### [What the task asks]
With the pictures excluded, repeat every entry exactly.

### [Available data]
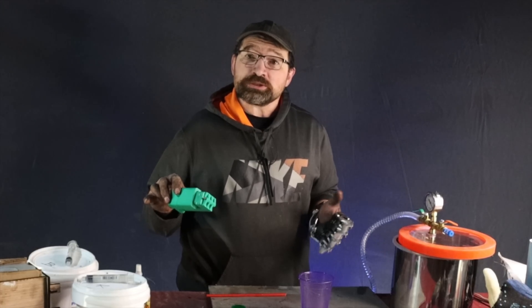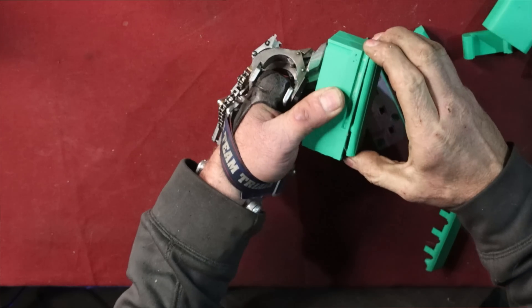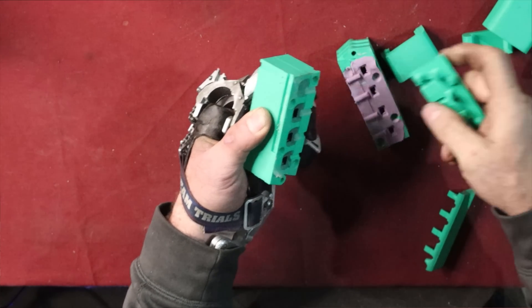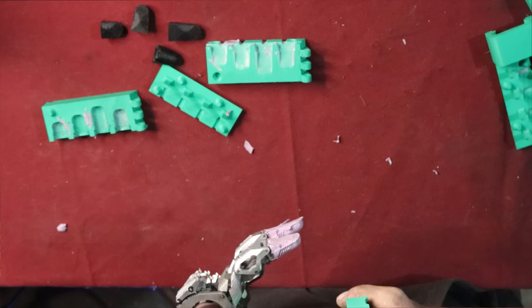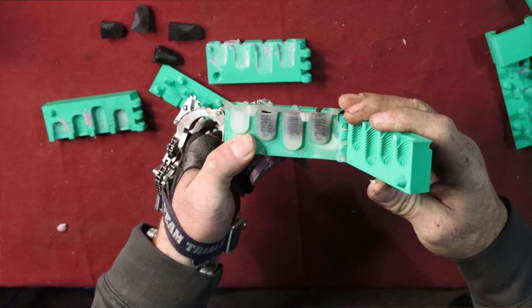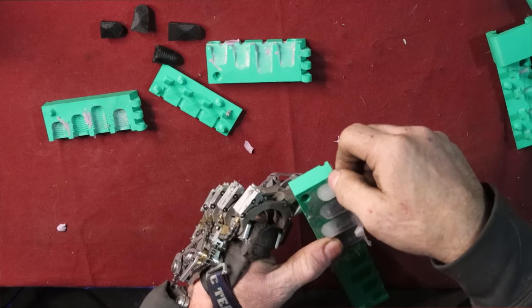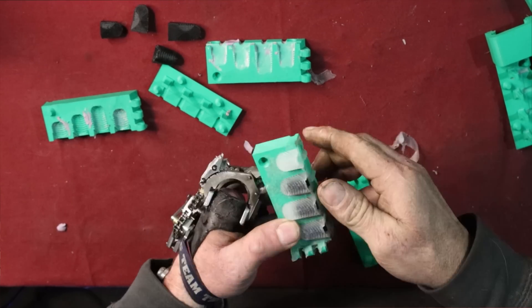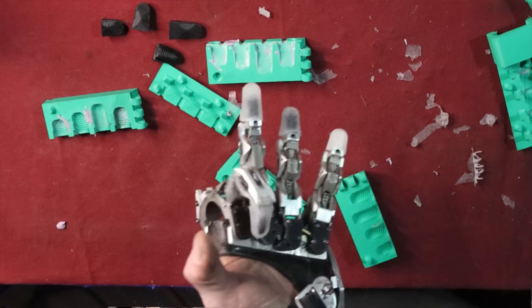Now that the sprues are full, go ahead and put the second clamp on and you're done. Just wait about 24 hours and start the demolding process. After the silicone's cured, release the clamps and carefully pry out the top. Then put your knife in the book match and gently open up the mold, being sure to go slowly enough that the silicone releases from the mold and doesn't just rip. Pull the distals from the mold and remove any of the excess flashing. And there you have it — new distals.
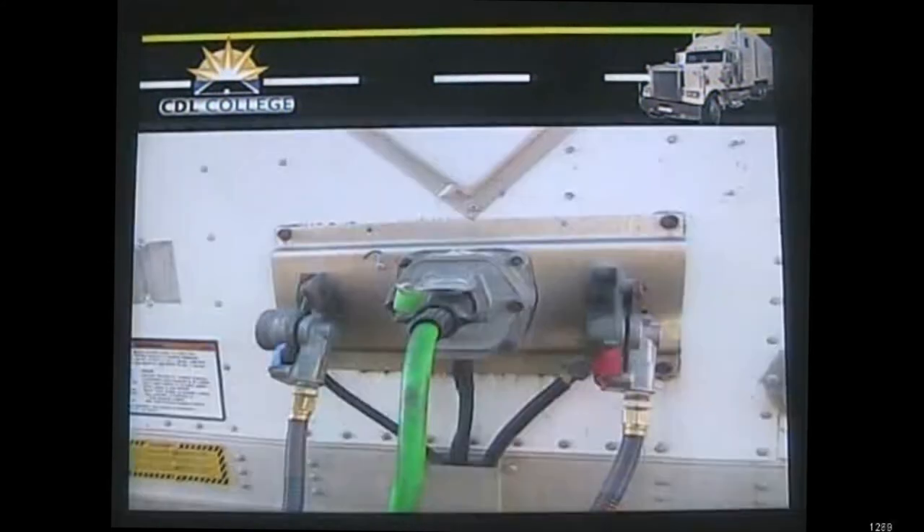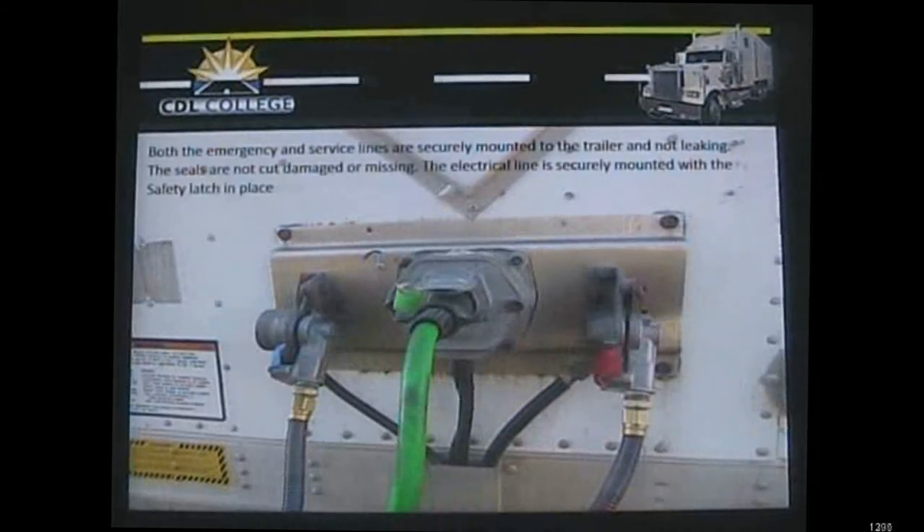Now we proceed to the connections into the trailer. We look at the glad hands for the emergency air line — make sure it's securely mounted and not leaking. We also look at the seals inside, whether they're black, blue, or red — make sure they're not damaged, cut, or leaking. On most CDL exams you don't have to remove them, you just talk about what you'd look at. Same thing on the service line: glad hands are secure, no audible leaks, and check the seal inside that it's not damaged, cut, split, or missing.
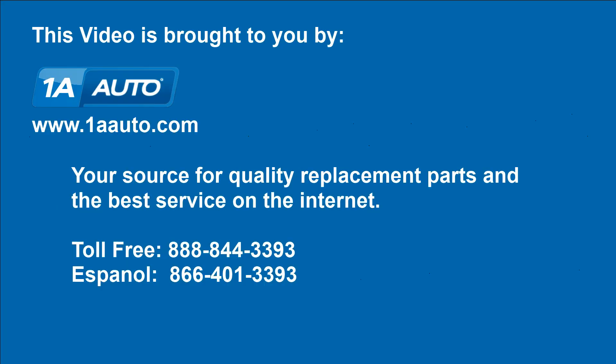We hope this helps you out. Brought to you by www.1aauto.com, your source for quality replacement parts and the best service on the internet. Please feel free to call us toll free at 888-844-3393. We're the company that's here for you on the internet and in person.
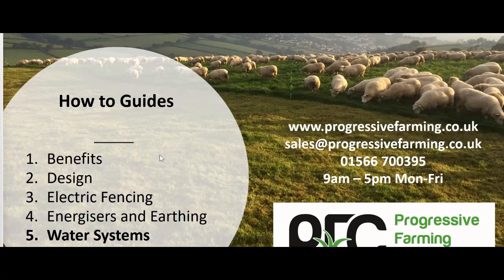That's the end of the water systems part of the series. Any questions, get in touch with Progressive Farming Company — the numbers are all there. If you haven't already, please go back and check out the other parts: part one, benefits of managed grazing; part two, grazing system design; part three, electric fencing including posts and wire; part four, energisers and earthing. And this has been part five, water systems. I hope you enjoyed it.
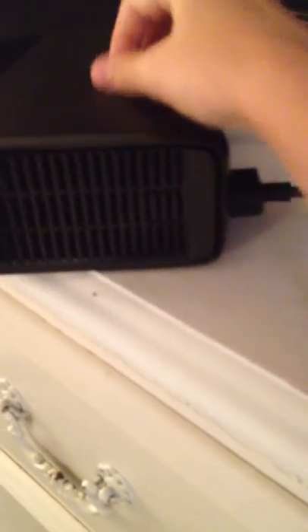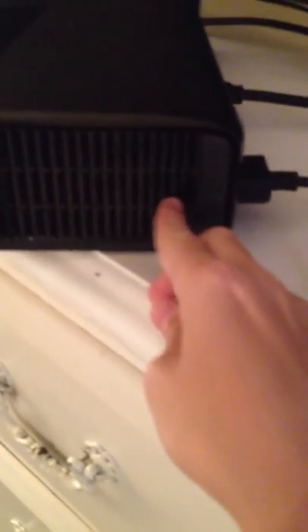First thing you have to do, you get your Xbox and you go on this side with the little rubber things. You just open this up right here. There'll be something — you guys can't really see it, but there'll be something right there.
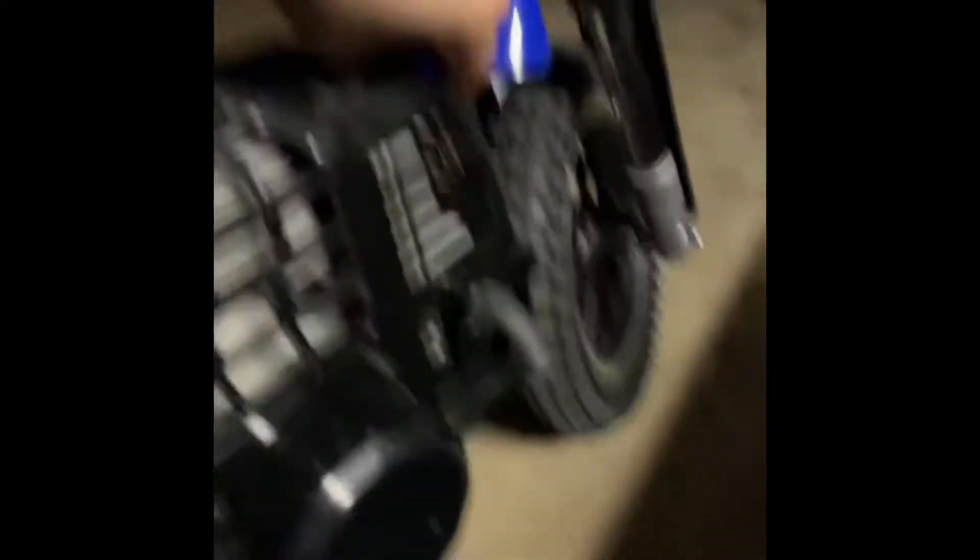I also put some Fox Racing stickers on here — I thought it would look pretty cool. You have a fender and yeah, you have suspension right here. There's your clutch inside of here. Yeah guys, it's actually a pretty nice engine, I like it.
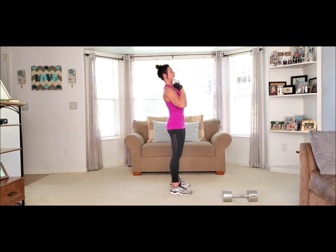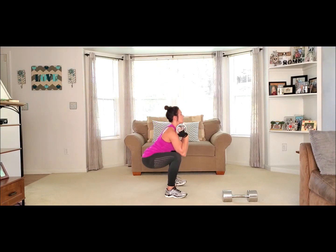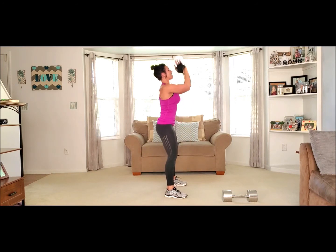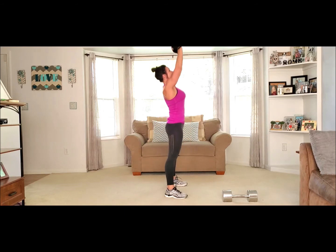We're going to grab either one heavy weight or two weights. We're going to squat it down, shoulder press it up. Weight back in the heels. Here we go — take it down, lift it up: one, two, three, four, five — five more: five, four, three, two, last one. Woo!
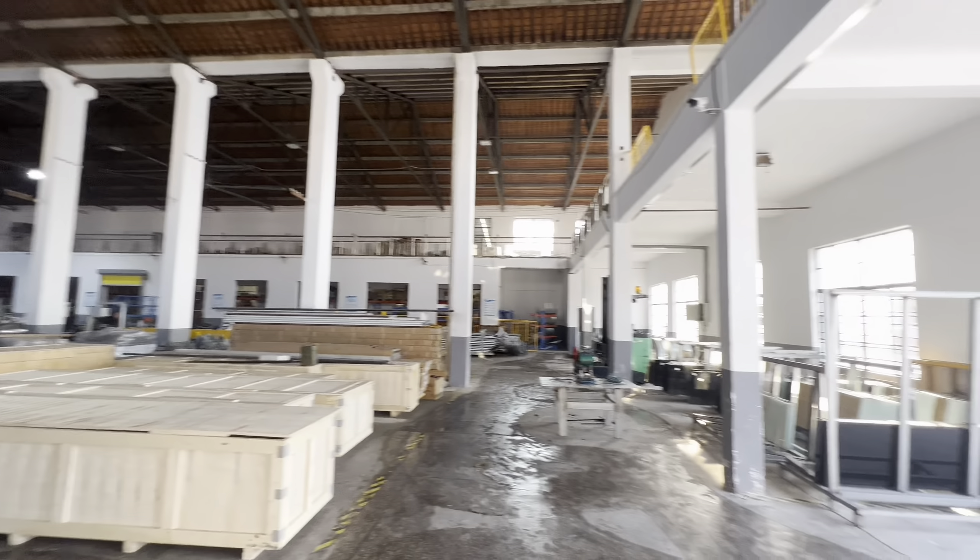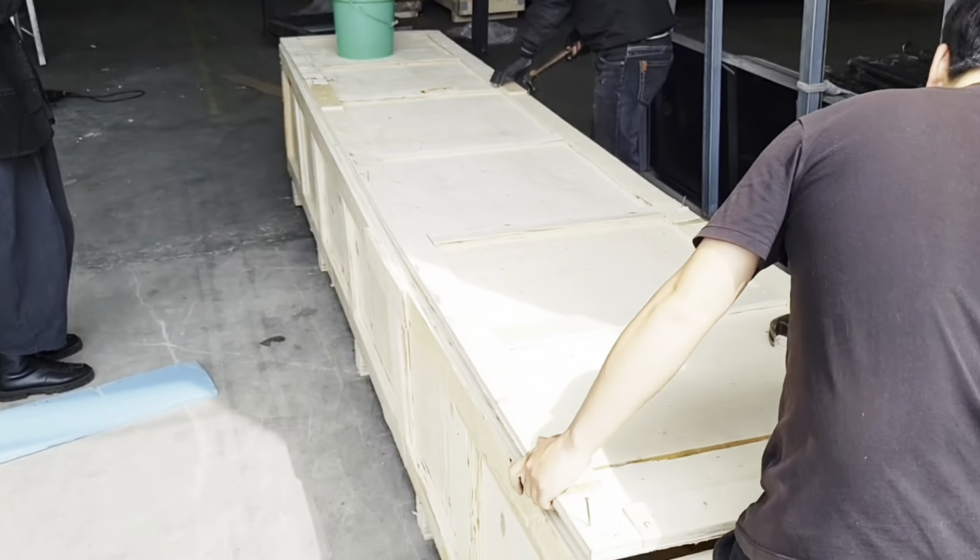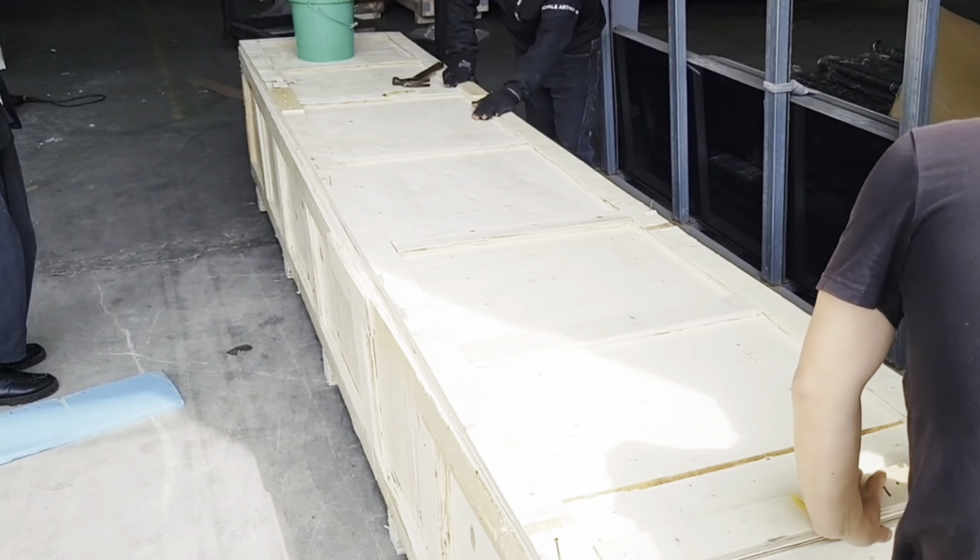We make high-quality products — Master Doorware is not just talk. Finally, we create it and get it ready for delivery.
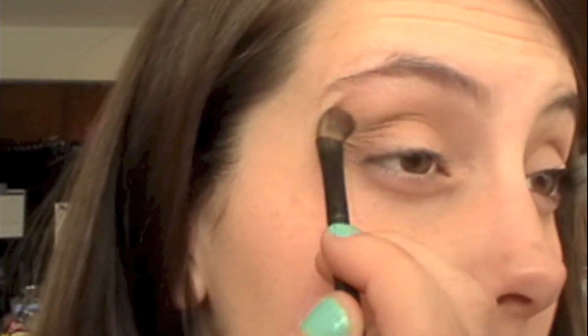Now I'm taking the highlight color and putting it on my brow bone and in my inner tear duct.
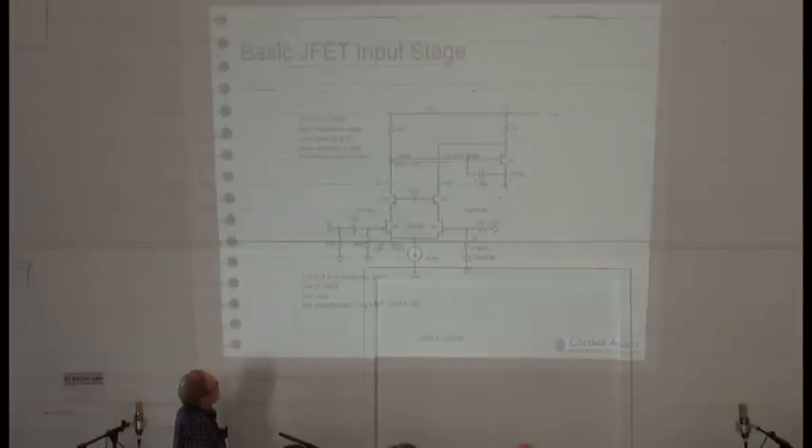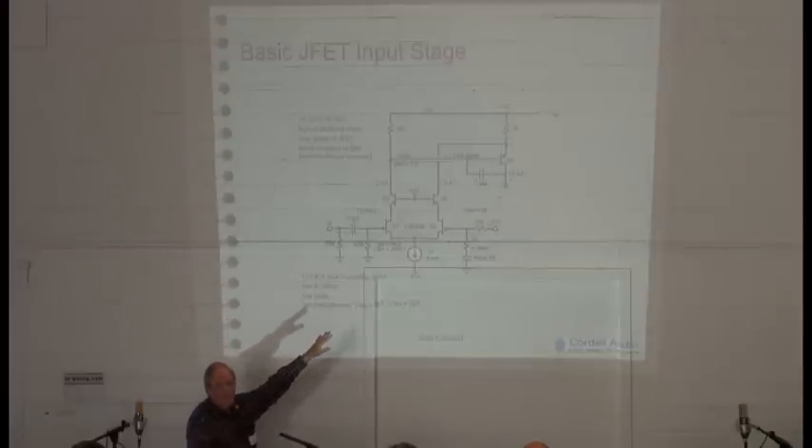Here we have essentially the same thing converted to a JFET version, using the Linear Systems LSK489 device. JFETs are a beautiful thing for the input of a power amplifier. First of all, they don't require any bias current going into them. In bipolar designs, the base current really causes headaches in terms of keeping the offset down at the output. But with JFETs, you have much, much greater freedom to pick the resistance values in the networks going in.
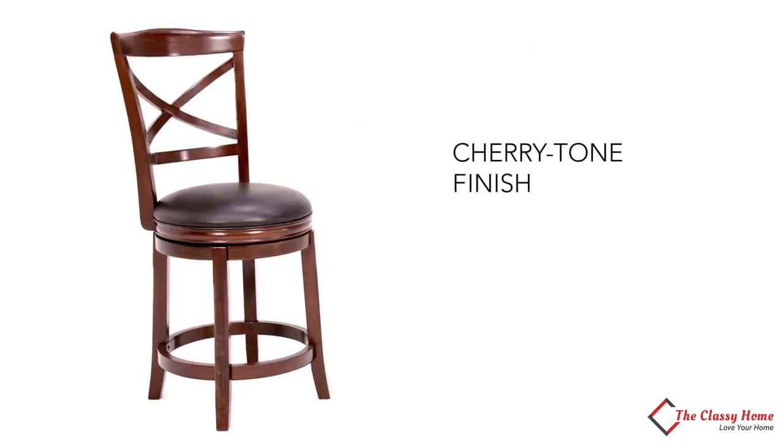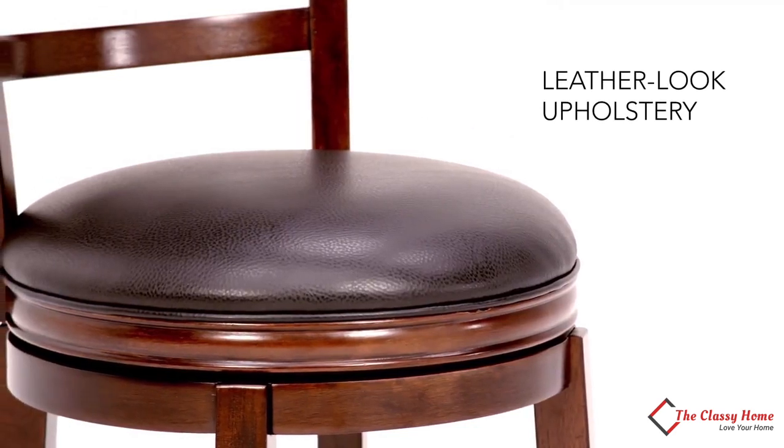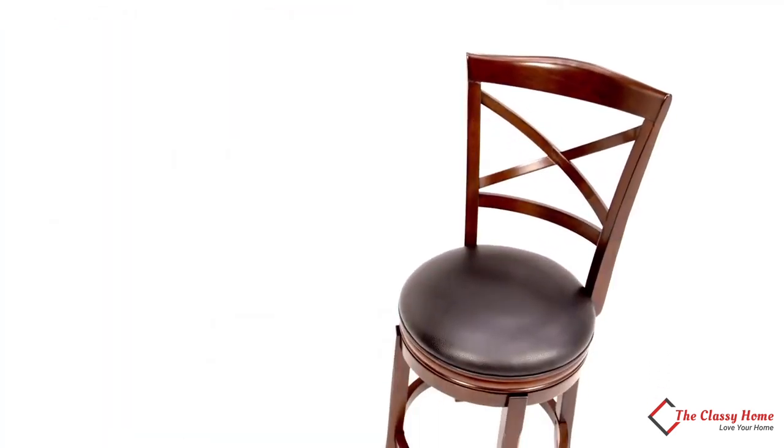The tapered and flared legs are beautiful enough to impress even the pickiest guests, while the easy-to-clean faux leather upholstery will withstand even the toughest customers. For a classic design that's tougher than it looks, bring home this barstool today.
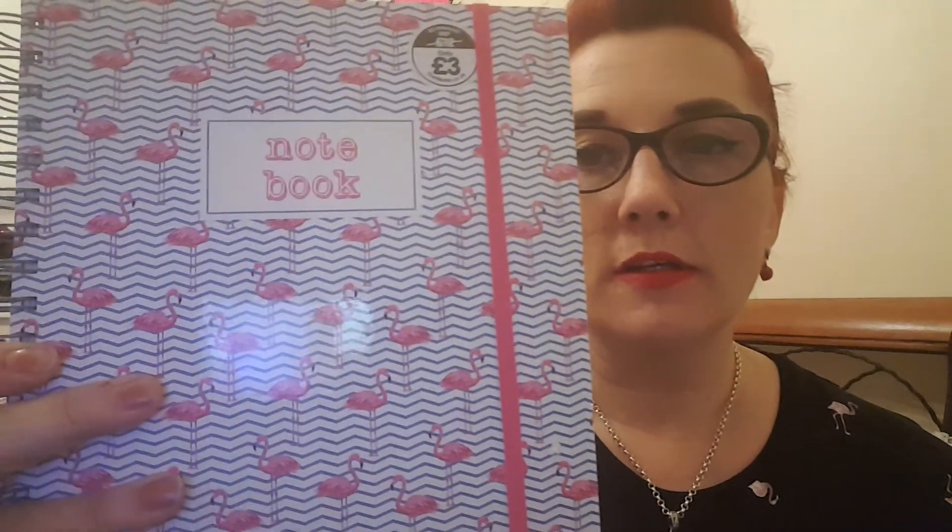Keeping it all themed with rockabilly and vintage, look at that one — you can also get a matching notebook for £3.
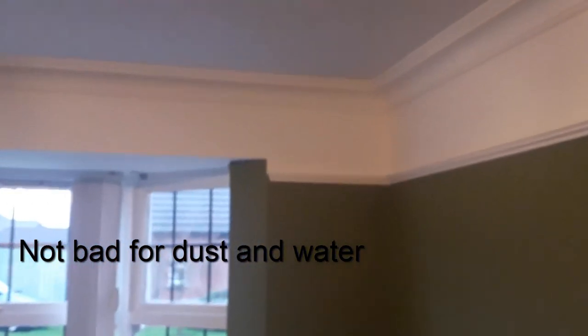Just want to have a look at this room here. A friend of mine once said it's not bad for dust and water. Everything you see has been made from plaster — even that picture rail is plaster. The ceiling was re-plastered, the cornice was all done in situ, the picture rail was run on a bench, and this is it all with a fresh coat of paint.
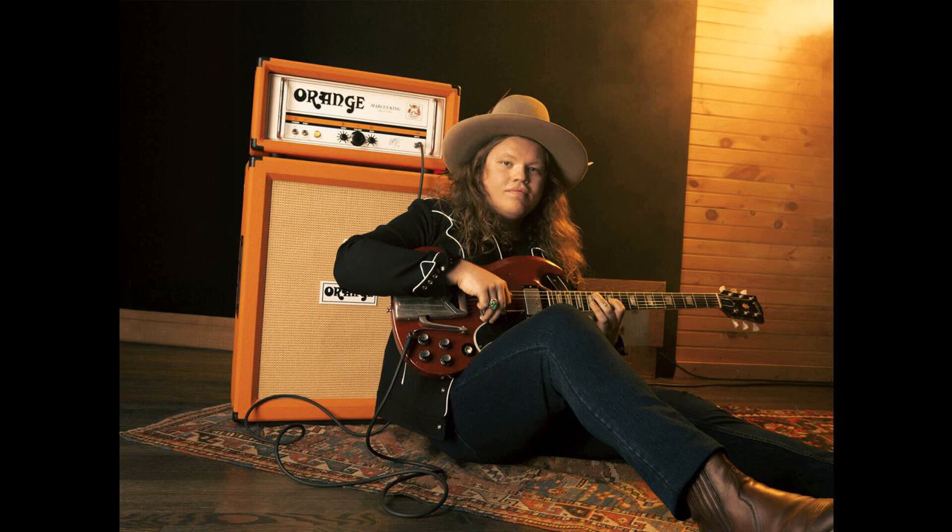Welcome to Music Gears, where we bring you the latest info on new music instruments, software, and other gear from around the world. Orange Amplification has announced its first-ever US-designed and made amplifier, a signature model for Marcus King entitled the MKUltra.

### [Task solution]
Now that the sprues are full, go ahead and put the second clamp on and you're done. Just wait about 24 hours and start the demolding process. After the silicone's cured, release the clamps and carefully pry out the top. Then put your knife in the book match and gently open up the mold, being sure to go slowly enough that the silicone releases from the mold and doesn't just rip. Pull the distals from the mold and remove any of the excess flashing. And there you have it — new distals.
Now we proceed to the connections into the trailer. We look at the glad hands for the emergency air line — make sure it's securely mounted and not leaking. We also look at the seals inside, whether they're black, blue, or red — make sure they're not damaged, cut, or leaking. On most CDL exams you don't have to remove them, you just talk about what you'd look at. Same thing on the service line: glad hands are secure, no audible leaks, and check the seal inside that it's not damaged, cut, split, or missing.
We hope this helps you out. Brought to you by www.1aauto.com, your source for quality replacement parts and the best service on the internet. Please feel free to call us toll free at 888-844-3393. We're the company that's here for you on the internet and in person.
That's the end of the water systems part of the series. Any questions, get in touch with Progressive Farming Company — the numbers are all there. If you haven't already, please go back and check out the other parts: part one, benefits of managed grazing; part two, grazing system design; part three, electric fencing including posts and wire; part four, energisers and earthing. And this has been part five, water systems. I hope you enjoyed it.
First thing you have to do, you get your Xbox and you go on this side with the little rubber things. You just open this up right here. There'll be something — you guys can't really see it, but there'll be something right there.
I also put some Fox Racing stickers on here — I thought it would look pretty cool. You have a fender and yeah, you have suspension right here. There's your clutch inside of here. Yeah guys, it's actually a pretty nice engine, I like it.
We're going to grab either one heavy weight or two weights. We're going to squat it down, shoulder press it up. Weight back in the heels. Here we go — take it down, lift it up: one, two, three, four, five — five more: five, four, three, two, last one. Woo!
We make high-quality products — Master Doorware is not just talk. Finally, we create it and get it ready for delivery.
Now I'm taking the highlight color and putting it on my brow bone and in my inner tear duct.
Here we have essentially the same thing converted to a JFET version, using the Linear Systems LSK489 device. JFETs are a beautiful thing for the input of a power amplifier. First of all, they don't require any bias current going into them. In bipolar designs, the base current really causes headaches in terms of keeping the offset down at the output. But with JFETs, you have much, much greater freedom to pick the resistance values in the networks going in.
The tapered and flared legs are beautiful enough to impress even the pickiest guests, while the easy-to-clean faux leather upholstery will withstand even the toughest customers. For a classic design that's tougher than it looks, bring home this barstool today.
Keeping it all themed with rockabilly and vintage, look at that one — you can also get a matching notebook for £3.
Just want to have a look at this room here. A friend of mine once said it's not bad for dust and water. Everything you see has been made from plaster — even that picture rail is plaster. The ceiling was re-plastered, the cornice was all done in situ, the picture rail was run on a bench, and this is it all with a fresh coat of paint.
Welcome to Music Gears, where we bring you the latest info on new music instruments, software, and other gear from around the world. Orange Amplification has announced its first-ever US-designed and made amplifier, a signature model for Marcus King entitled the MKUltra.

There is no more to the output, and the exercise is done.